**SUPPLIED DATA**
• • • • • • •

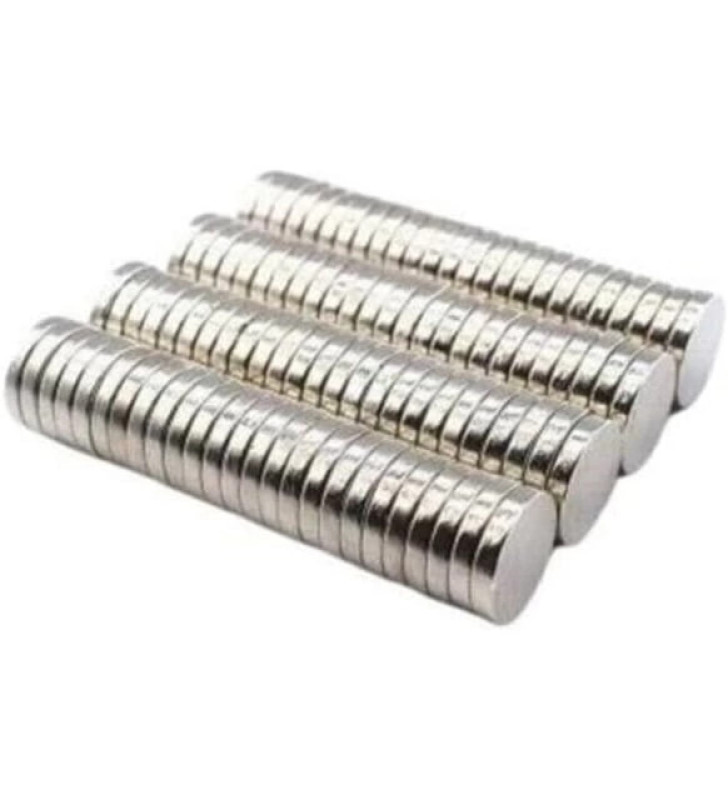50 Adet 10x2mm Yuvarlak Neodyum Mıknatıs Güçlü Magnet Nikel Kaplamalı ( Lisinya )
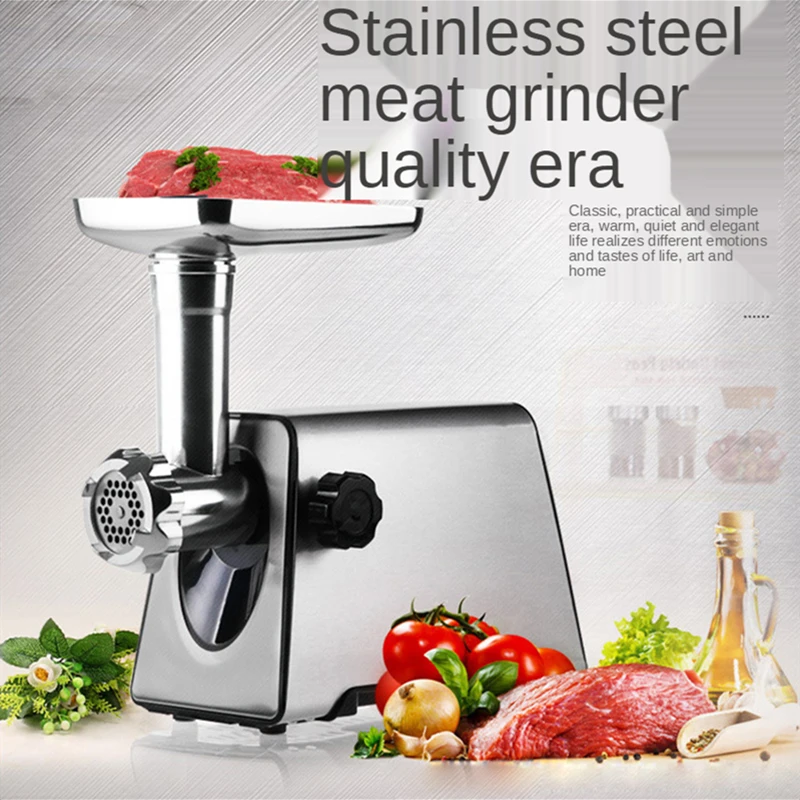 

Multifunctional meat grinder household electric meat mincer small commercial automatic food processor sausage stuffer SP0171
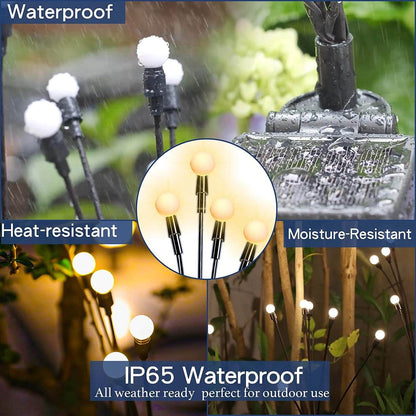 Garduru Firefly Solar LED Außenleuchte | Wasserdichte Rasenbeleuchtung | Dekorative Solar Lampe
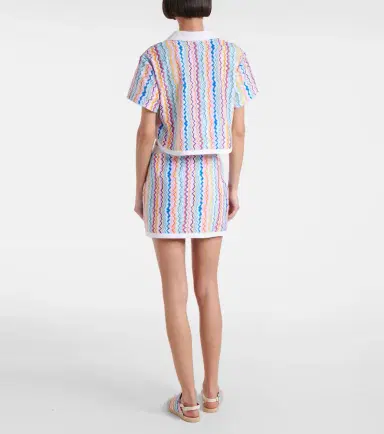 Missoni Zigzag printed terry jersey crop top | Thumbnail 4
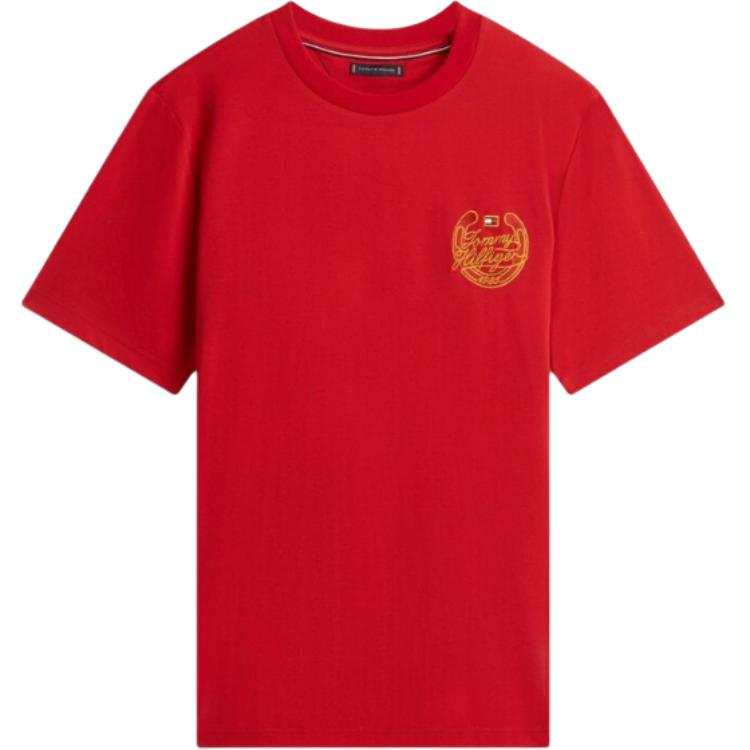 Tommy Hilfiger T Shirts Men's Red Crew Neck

• • • • • • •

**WHAT IS NEEDED**
Everything in the records above should come back word for word, except the pictures.

**WRITTEN ANSWER**
50 Adet 10x2mm Yuvarlak Neodyum Mıknatıs Güçlü Magnet Nikel Kaplamalı ( Lisinya )

Multifunctional meat grinder household electric meat mincer small commercial automatic food processor sausage stuffer SP0171
 Garduru Firefly Solar LED Außenleuchte | Wasserdichte Rasenbeleuchtung | Dekorative Solar Lampe
 Missoni Zigzag printed terry jersey crop top | Thumbnail 4
 Tommy Hilfiger T Shirts Men's Red Crew Neck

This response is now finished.